Transform (T): In this phase, we convert, clean, and shape the data. This might include operations such as deduplication, data standardization, validations, or enrichment from additional sources.
Load (L): Finally, we move the transformed data to a destination (data warehouse, analytics system, or database) so that it can be used for reporting or analysis.

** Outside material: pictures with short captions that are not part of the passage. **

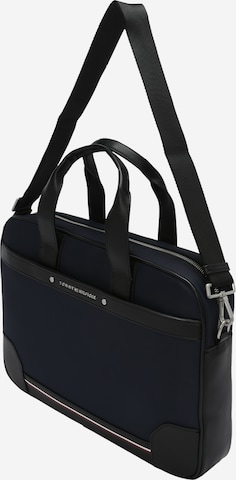 Borsa portadocumenti di TOMMY HILFIGER in blu: frontale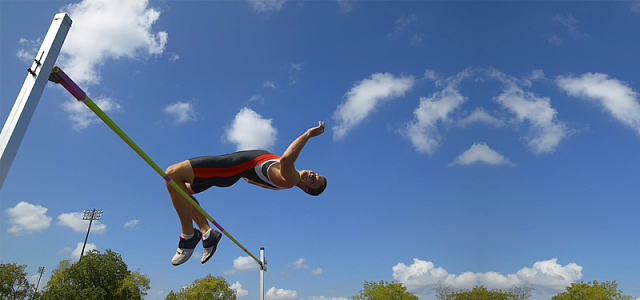 跳高运动背景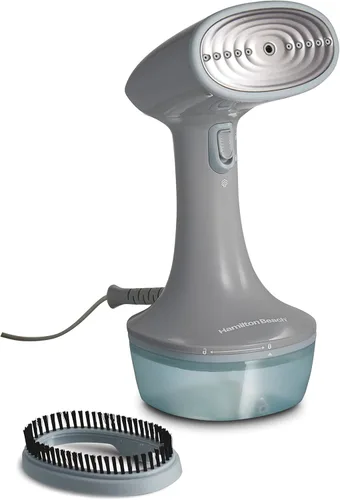Hamilton Beach Vaporizador de mano para ropa, tela y cortinas, 1200 vatios, tanque de agua de 13.5 fl oz, 20 minutos de vapor continuo, esenciales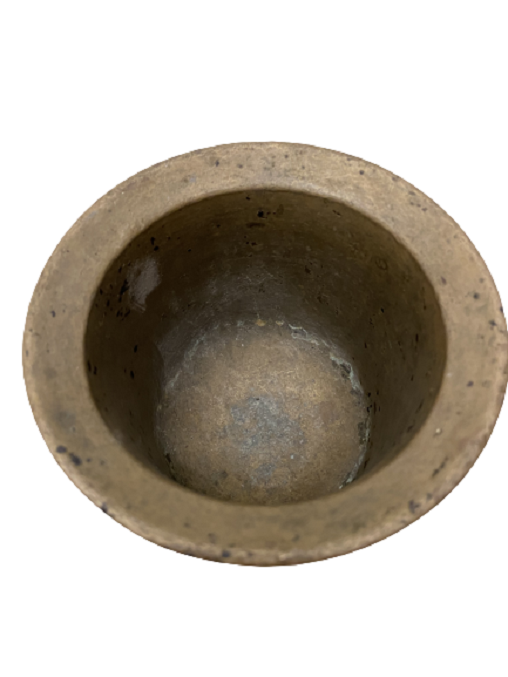 ÜZERİ SIRALI İŞLEMELİ PİRİNÇ KOLLU HAVAN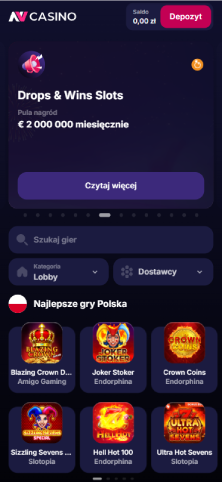 Kliknij różowy przycisk Wpłata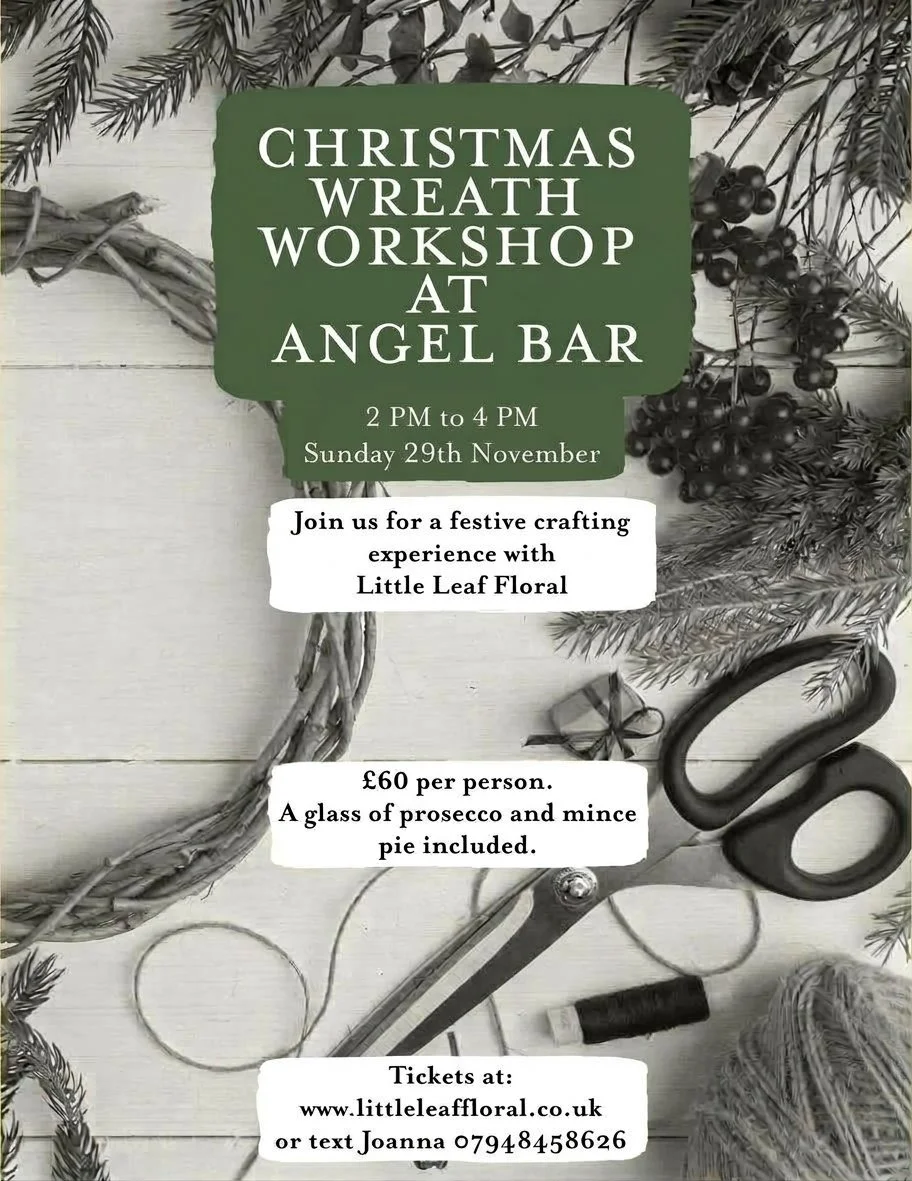Christmas Wreath-making Workshop at Angel Bar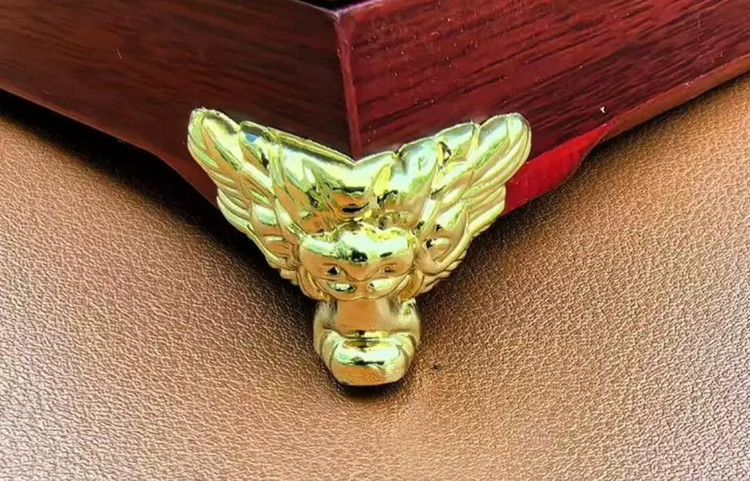 پایه شیر پلاستیکی طلایی بسته 100 عددی وارداتی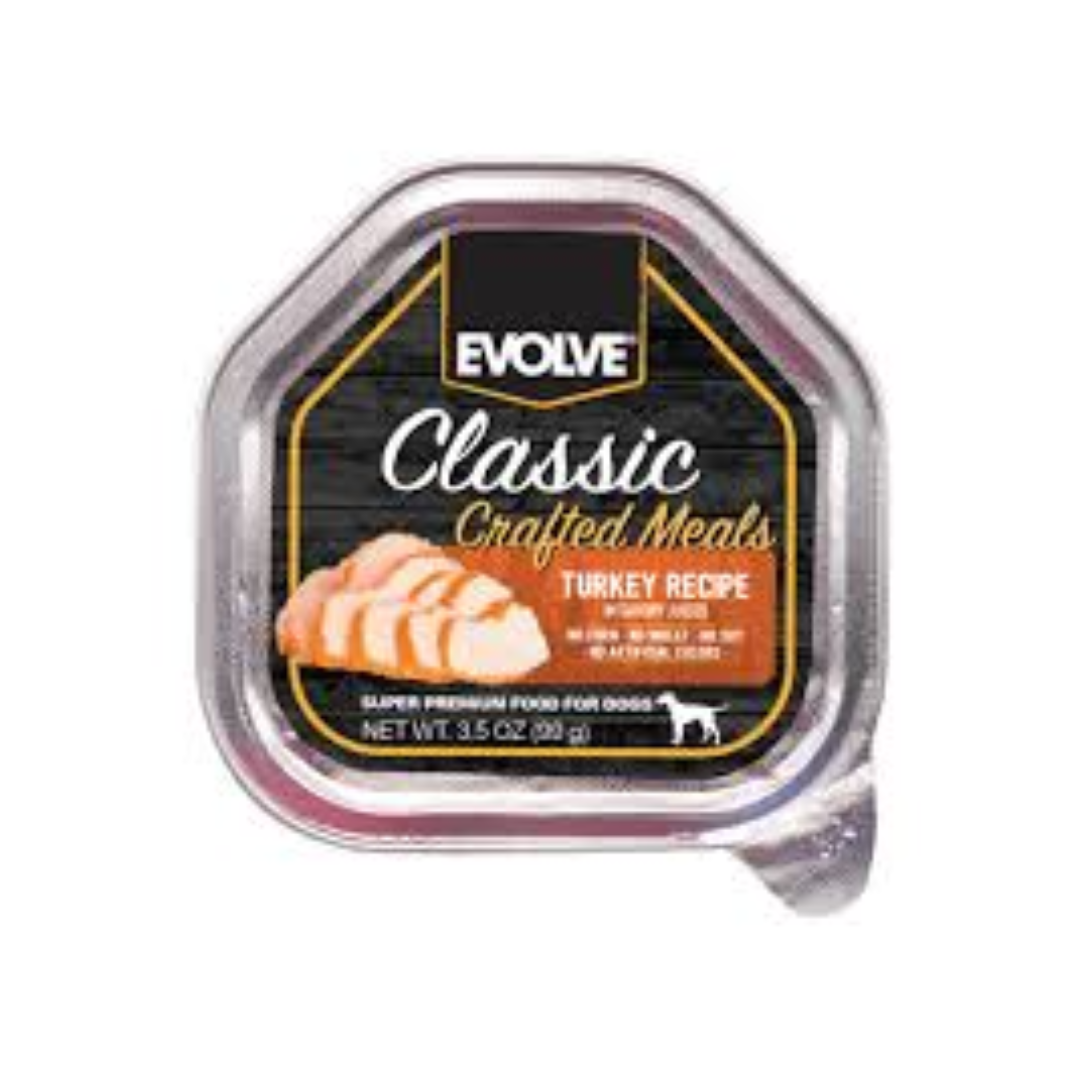 Alimento Húmedo Perro Evolve Pavo Bandeja 100 gr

ETL is essential because it guarantees that raw data is standardized, clean, and ready for analytical or operational use. Without a solid ETL strategy, organizations quickly end up with siloed, messy data that hinders decision-making.

Introduction to Airflow#

Apache Airflow started as a solution within Airbnb to manage complex workflows. It is now an open-source project governed by the Apache Software Foundation. Airflow enables you to:

Programmatically author workflows: You write Python code to define your data pipelines.
Schedule workflows: You can schedule tasks to run periodically or on specific time intervals.
Monitor workflows: Airflow provides a handy web-based interface to monitor workflow states, logs, and manage tasks’ execution.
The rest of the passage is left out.